Opening a vent would maybe be better done with a servo motor.
A small vent door could be directly moved through its range with simple commands sent to the servo, which would take care of stuff you'd be coding for the stepper.
Servos work good and be cheap.
Check out the spec of the DS18B20 for measuring temperature - I expect it will cover the range you need.
Consider a servo instead of a stepper so you can avoid a homing microswitch.
Look at logic level mosfets to turn the fan on.
Pretty much any Arduino could do the job.
Owning a 3D printer, you know what an amazing thing stepper motors do. Incredible high precision movements. How much precision does opening and closing a vent need? Even a servo motor is wasted doing it, but as mentioned, they are so small and cheap. But is there a way you can avoid using any motor to open the vent? I used to have extraction fans in the kitchen and bathrooms of my house that contained vents that closed to block (somewhat) wind blowing into the house. The vents were held closed by light springs, until the fan started, when they were pushed open by the pressure created by the (centrifugal) fan.
Way less cool.
Thanks very much! Will look into those.
It would be easier to just have a manually opened vent, but I thought it would be nice to have an automated system so I can walk away from a long print job and not worry about over heating with PLA filaments, not too worried about how hot the enclosure gets with ABS.

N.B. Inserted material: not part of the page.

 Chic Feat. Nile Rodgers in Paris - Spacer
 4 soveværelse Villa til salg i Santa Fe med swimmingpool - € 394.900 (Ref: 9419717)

The OP has not said if the fan is adding air to then enclosure or removing it. If adding air, the automatic vent is perfect. Look at the vent for a clothes dryer vent at your local hardware store.
The vent being either open or closed could be done with a solenoid.
it is adding air
Good. Gravity and air pressure is your friend.
I was also thinking like that. However cooling fans are often really bad in creating air pressure, pressure that might open a well balanced vent. A radial fan would likely manage but axial fans... I wouldn't bet on that.
My former company had cooling/venting fans on both the convection oven and the circuit board washing machine. They also had air flow sensors that allowed the machine to work only if there was sufficient air flow.
If one fan is not enough, then two may be used.